The American illustrator John McLenan (1825-1865) moved to New York City in 1851 and within a year sold drawings to illustrate Baynard Rush Hall’s Frank Freeman’s Barber Shop; Sarah Josepha Buell Hale’s, Northwood, or, Life North and South; The Mother’s Pictorial Primer; and An Old Fogies Advice to a Young’un or the Politicians Guide to Office, published by Thomas W. Strong (1817-1892). When Strong began a new humor magazine in 1852 titled Yankee Notions, he hired McLenan to draw most of the caricatures. The journal lasted over fifteen years with a circulation of 47,000 at its height. In 1853 Strong added Young America to his publication list, again employing McLenan as the artist.
Throughout 1852 and all these publications, the young artist experimented with his artistic style and his public persona. For Freeman’s Barber Shop he used a pseudonym, Rush B. Hall, and for each of the caricatures in Yankee Notions, he signed his name with a different signature. See five versions here.

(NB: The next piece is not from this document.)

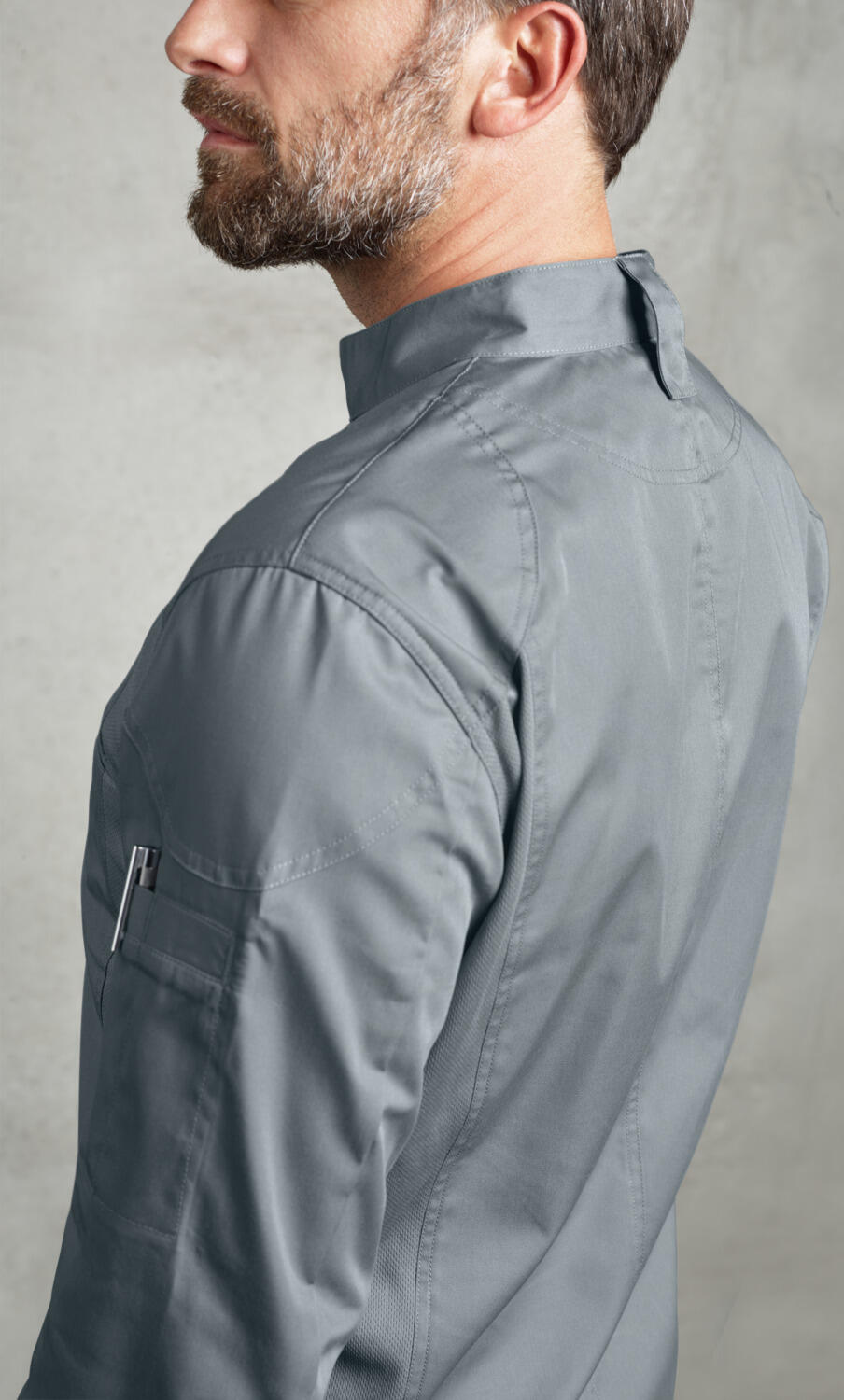 Jobeline Racer Women's Sporty Lightweight Chef Jacket, Grey, Size 34, 65% Polyester 35% Cotton, Mesh Panels, Central Zipper, OEKO-TEX Standard 100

When McLenan died at the young age of 39, Strong praised his friend and colleague in Yankee Notions:
“When an unpretending man of genius passes away, simple and earnest words best befit his memory. Since our last issue, John McLenan, one of the best draughtsmen America has ever produced, has been numbered with the dead. . . .
We call the skillful artist and estimable citizen who has thus suddenly been snatched away, our friend, for the intimacy that existed between us was almost brotherly. . . .Genius rarely remains long unrecognized in this city, and soon after John McLenan took up his abode among us, shrewd publishers and a tasteful public discovered that he was no ordinary draughtsman. Equally at home in caricature and in sketches from the life, with a quick perception of the ridiculous and a fine appreciation of the picturesque, he soon took his place among the illustrators of our current literature, second to none. The Harpers employed him on their Magazine and Weekly, and also in the embellishment of their more permanent works, and his services were in request among other leading publishing houses.
Thus placed on the high road to distinction, the young artist would soon have found it the road to fortune, had not feeble health interfered with the exercise of his professional abilities.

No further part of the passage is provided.